Exercise directions> A stretch of the entries below is to be set down exactly, running from the line with "เครื่องทดสอบแผ่นรับแรง BTUK-300/500 ASTM" through the line with "Increte Floor Construction", both included, and no other line.

Source material>

'''

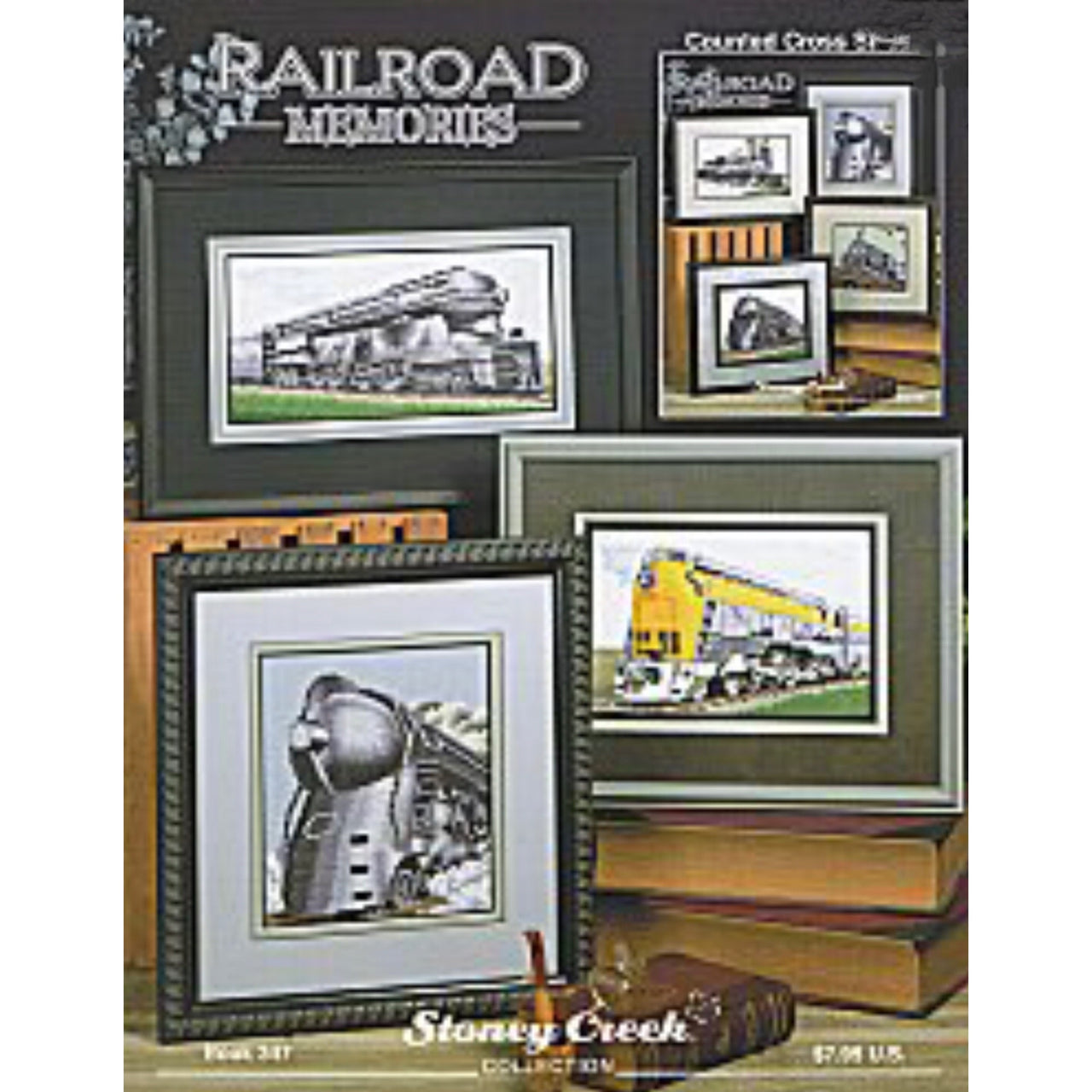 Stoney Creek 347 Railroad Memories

'''
'''

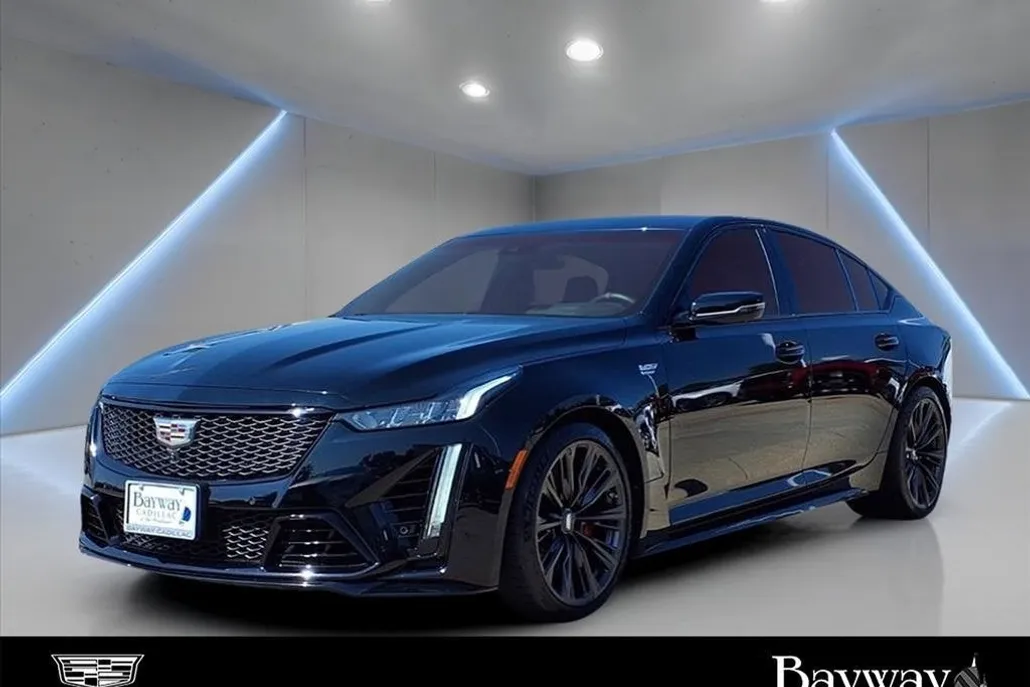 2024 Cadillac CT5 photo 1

'''
'''

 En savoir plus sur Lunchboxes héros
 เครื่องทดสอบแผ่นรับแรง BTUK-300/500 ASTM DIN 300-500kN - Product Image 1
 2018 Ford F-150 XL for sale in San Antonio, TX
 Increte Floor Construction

'''

Your solution>
 เครื่องทดสอบแผ่นรับแรง BTUK-300/500 ASTM DIN 300-500kN - Product Image 1
 2018 Ford F-150 XL for sale in San Antonio, TX
 Increte Floor Construction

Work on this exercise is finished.